American baseball player (1947–2025)

Theodore Henry Ford (February 7, 1947 – September 15, 2025) was an American right-handed Major League Baseball outfielder who played for the Cleveland Indians and Texas Rangers from 1970 to 1973.

==Career==
Drafted by the Indians 11th overall in the 1966 amateur draft, Ford began his professional career with the Dubuque Packers. In 71 games with them in 1966, he hit .263 with six home runs and 25 RBI in 262 at-bats.

The following year, 1967, he played for the Pawtucket Indians.
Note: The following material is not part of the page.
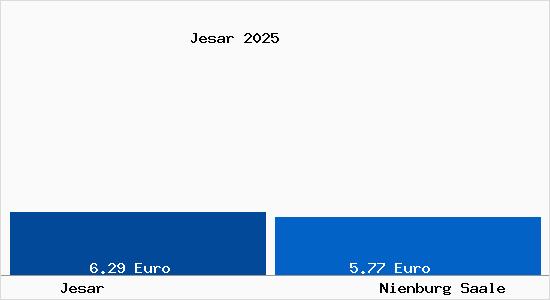 Vergleich Mietspiegel Nienburg Saale mit Nienburg Saale Jesar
He hit only .210 in 443 at-bats with them.

He missed the entire 1968 and 1969 seasons due to military service.

In 1970, he mostly played for the Wichita Aeros, hitting .326 with 12 home runs and 57 RBI in 383 at-bats with them. However, he started the season with the big league club. On April 7, he made his major league debut with the Indians. Facing star pitcher Dave McNally of the Baltimore Orioles, he went 0–2 with a walk in his first game.

He spent time in both the majors and minors in 1971 as well. In the majors, he hit .194 in 196 at-bats. In the minors - playing for the Aeros again - he hit .330 in 176 at-bats.

On April 3, 1972, Ford was traded to the Texas Rangers for Roy Foster and Tommy McCraw. He played in 129 games with the Rangers that year, the franchise's inaugural campaign, hitting 14 home runs and driving 50 runs in in 429 at-bats. His batting average was .235. Ford spent nine games with the Denver Bears that year as well, hitting .222 in 36 at-bats.

Ford returned to the Indians along with Dick Bosman from the Rangers for Steve Dunning on May 10, 1973. He appeared in only 11 big league games that season, hitting .225 in 40 at-bats. He played his final game on September 29.

Although his major league career was over after 1973, on April 24, 1974, Ford was traded back to the Rangers for Charlie Hudson. He spent the 1974 season playing for Cleveland's AAA affiliate, the Oklahoma City 89ers, and the Hawaii Islanders, a San Diego Padres' AAA team. He spent the next eight seasons playing in the Mexican League, before retiring from baseball after the 1982 season.

Overall, Ford hit .219 in 240 major league games. In 711 at-bats, he hit 17 home runs and drove in 68 runs.

==Personal life and death==
Following his playing career, Ford coached youth baseball in his native New Jersey and then at Huston-Tillotson University, an NAIA school, where he coached his youngest son, Tim.

He was the grandfather of Darren Ford, who played two seasons for the San Francisco Giants in 2010 and 2011.

Ford died in Austin, Texas, on September 15, 2025, at the age of 78.